• [Your assignment]
Your answer should be each line of the entries that contains the word "image", copied in full.

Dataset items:
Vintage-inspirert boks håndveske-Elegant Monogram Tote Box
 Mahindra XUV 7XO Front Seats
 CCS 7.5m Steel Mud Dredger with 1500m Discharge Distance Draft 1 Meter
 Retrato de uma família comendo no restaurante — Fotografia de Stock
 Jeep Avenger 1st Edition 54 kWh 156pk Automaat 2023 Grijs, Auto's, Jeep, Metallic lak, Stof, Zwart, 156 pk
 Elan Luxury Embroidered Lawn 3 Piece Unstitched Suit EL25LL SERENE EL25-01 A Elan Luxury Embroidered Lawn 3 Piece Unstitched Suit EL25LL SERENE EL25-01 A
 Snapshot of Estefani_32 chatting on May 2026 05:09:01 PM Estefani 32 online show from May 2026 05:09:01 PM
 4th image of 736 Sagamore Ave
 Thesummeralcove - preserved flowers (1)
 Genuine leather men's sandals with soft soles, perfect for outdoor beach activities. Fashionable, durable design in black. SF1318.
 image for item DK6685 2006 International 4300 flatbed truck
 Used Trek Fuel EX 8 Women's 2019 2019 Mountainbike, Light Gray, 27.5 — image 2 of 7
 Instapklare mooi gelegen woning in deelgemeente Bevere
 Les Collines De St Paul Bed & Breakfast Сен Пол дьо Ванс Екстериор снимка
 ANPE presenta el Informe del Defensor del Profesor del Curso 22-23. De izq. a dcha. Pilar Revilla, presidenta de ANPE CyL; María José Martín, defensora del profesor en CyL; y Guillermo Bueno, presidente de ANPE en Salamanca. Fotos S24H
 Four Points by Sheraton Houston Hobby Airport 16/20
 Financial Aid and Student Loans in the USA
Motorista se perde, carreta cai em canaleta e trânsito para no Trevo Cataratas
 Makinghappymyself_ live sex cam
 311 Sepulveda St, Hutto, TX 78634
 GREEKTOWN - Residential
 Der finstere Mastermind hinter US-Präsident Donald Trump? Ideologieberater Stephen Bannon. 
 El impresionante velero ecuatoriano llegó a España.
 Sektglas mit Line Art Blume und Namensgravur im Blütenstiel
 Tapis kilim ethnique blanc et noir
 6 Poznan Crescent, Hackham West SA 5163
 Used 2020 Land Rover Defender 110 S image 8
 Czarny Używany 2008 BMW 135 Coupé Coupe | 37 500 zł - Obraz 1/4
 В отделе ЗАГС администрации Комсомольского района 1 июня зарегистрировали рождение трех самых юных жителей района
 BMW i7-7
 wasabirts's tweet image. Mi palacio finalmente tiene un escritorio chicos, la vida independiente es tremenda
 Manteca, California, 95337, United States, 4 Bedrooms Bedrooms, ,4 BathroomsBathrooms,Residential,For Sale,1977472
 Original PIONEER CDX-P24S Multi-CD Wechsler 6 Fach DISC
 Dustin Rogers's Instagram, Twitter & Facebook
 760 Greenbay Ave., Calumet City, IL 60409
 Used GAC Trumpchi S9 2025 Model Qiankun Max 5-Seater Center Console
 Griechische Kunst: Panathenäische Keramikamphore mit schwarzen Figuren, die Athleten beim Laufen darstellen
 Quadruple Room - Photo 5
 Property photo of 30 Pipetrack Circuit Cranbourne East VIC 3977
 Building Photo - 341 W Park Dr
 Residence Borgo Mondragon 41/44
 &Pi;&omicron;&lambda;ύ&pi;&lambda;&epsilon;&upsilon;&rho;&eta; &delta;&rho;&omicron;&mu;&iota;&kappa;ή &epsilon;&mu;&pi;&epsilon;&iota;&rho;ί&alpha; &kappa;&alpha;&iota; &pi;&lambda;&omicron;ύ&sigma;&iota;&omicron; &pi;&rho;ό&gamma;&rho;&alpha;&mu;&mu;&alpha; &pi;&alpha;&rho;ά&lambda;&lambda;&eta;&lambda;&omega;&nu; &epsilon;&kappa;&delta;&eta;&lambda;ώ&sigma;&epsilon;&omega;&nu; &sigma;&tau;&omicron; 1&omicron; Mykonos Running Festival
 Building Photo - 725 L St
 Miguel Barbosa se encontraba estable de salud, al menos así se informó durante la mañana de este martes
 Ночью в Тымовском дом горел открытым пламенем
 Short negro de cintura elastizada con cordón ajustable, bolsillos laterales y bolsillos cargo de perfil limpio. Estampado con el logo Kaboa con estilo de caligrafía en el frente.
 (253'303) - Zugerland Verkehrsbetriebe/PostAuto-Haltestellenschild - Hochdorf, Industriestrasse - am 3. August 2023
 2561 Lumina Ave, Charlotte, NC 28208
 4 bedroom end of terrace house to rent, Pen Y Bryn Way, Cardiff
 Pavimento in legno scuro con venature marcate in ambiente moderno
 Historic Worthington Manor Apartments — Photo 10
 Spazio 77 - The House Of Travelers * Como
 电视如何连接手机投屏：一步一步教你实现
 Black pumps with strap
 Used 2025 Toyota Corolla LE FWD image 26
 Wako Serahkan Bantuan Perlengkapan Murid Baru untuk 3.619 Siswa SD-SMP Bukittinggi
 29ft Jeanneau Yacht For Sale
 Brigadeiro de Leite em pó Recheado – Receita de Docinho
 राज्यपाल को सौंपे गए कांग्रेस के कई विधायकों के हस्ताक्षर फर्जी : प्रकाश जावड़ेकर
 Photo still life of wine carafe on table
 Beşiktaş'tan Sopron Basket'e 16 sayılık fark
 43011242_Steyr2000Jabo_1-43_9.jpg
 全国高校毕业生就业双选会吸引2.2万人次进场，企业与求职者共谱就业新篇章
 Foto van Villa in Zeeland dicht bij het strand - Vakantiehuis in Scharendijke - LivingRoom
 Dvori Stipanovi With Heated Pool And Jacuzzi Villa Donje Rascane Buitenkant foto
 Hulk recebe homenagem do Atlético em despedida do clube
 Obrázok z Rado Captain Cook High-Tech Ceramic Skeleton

• [Solution]
 4th image of 736 Sagamore Ave
 image for item DK6685 2006 International 4300 flatbed truck
 Used Trek Fuel EX 8 Women's 2019 2019 Mountainbike, Light Gray, 27.5 — image 2 of 7
 Used 2020 Land Rover Defender 110 S image 8
 wasabirts's tweet image. Mi palacio finalmente tiene un escritorio chicos, la vida independiente es tremenda
 Used 2025 Toyota Corolla LE FWD image 26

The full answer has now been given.